Я подумал, и не стал обижать «предка». Хоть он и говорил, что его обидеть невозможно, но кто его знает. Вдруг он желаемое выдаёт за действительное?
Глава 25
Эта кроссовая петля имела дистанцию четыре километра с крутыми и плавными подъёмами, «плавными» и крутыми спусками. Мне нравился этот маршрут тем что он шёл по асфальту и не надо было контролировать ступни, как по бездорожью.
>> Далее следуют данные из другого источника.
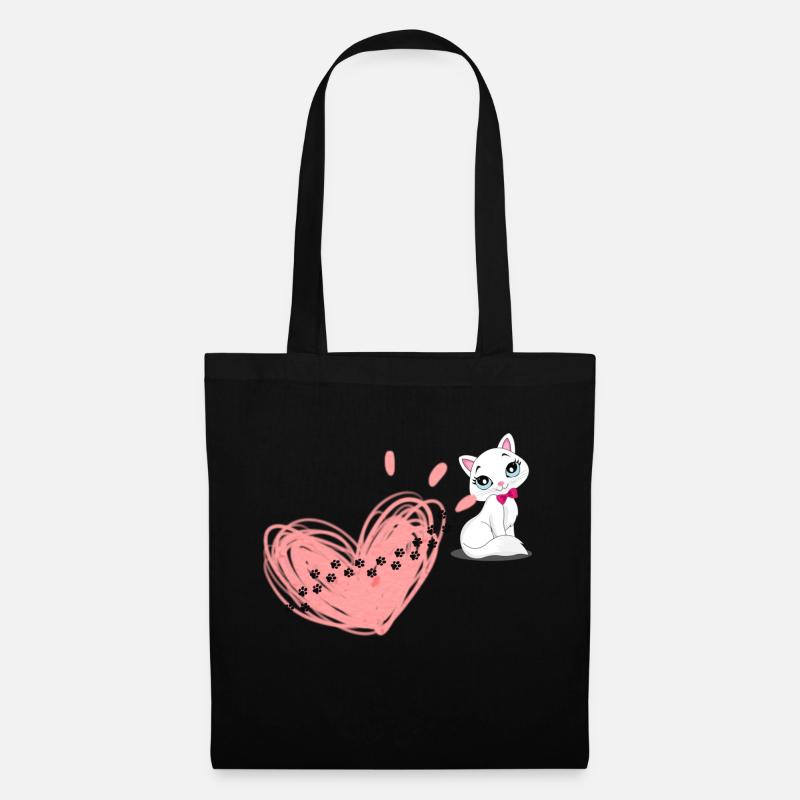 Chat avec cœur - Sac en tissu - noir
По бездорожью, то есть, по лесам и долам, тут тоже имелось где побегать и виды на море открывались шикарные, когда забежишь на правую, как я её называл, сопку.
На ней стояла какая-то воинская часть, имелись старые орудийные капониры, старый бетонный дот, за колючей проволокой, куда мы всё равно лазили, но он был в нижних помещениях затоплен. Что удивляло, ведь он стоял на самой верхушке сопки. Вот по этой вершине можно было находить разные маршруты и бегать хоть до посинения, как говорила моя бабушка.
Там по кругу набиралось километра два. И было по-настоящему красиво и, часто, ветрено. Там, где бежал я сейчас, тоже имел место крутой обрыв высотой около пятидесяти метров с видом на море, но рядом располагался жилой микрорайон и медитировать не получалось. Зато — по асфальту.